-Chicas, ¿os acordáis de la cueva de Cerdaña?
-Sí, contestan mis nietas casi al mismo tiempo.
-¿Que os gustó de esta cueva?
-Que era muy grande, me dice la pequeña.
-A mi, abuelo, me gustó la ventana, por donde entra el sol y la ilumina, me contesta la mayor.
-¿Y os acordáis de la gran columna que parece sostener el techo? Y… ¿os gustaría visitar otra cueva?
-Sí.
Esta vez contestan al unísono.
Y ya estamos andando por un camino ancho, arropado de olivos plateados y de agrupaciones de pinos. Y enfilamos un sendero. Va subiendo entre una refrescante enramada de sombras. El matorral ribetea el sendero. Las abejas se afanan de flor en flor. Sus zumbidos son una dulce sonata.

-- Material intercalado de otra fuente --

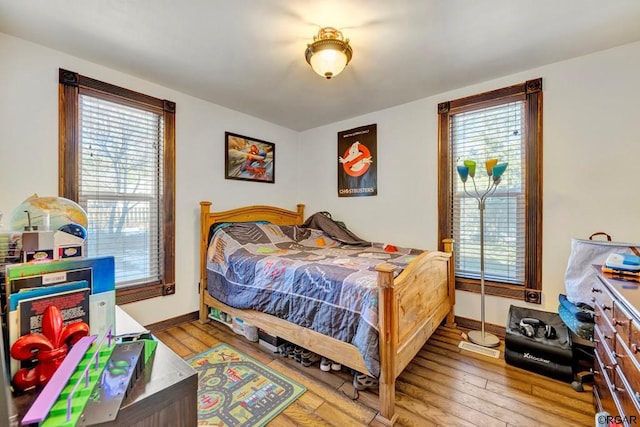 bedroom with multiple windows and light wood-type flooring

Es el trabajo precioso de estos laboriosos insectos que reconforta el silencio.
-Abuelo, otra señal.
Mi nieta me va indicando cada señal del PR que aparece pintada en los troncos de los pinos.
-Vamos bien, abuelo, me advierte.
Las carrascas flamean la luz verde de sus hojas. La cálida brisa de la tarde las hace aletear. El avance por el sendero es una delicia.
-Chicas, ya hemos llegado.
A nuestros pies se abre el hueco oscuro de la boca de la cueva.
-Preparad las linternas, que vamos a entrar.
Penetramos en el enclave de la gruta por una pequeña rampa descendente. El complejo de formaciones es austero, pero a mis nietas les encanta.
-Vaya, abuelo, que chula es esta cueva.
-Ir con cuidado. El suelo está algo resbaladizo.
-Mirar el techo.
Enfilan los chorros de luz blanca de sus linternas hacia la oscura bóveda.
Les hablo de las características morfológicas de las cuevas. De forma sencilla, claro. Y ellas no paran. Disfrutan. Preguntan. Se emocionan.
-El agua y la piedra son los elementos importantes de las grutas. Y así nacen estalactitas y estalagmitas.
-Como ésta, ¿verdad, abuelo?
-Así es. Veo que lo habéis entendido.
Ya hemos salido de la cueva. Otra vez estamos en los brazos de la primavera.
Tras hacer algunas fotos con su cámara a unas amapolas, mi nieta mayor me dice:
-Abuelo, que cosas tan bonitas nos enseñas.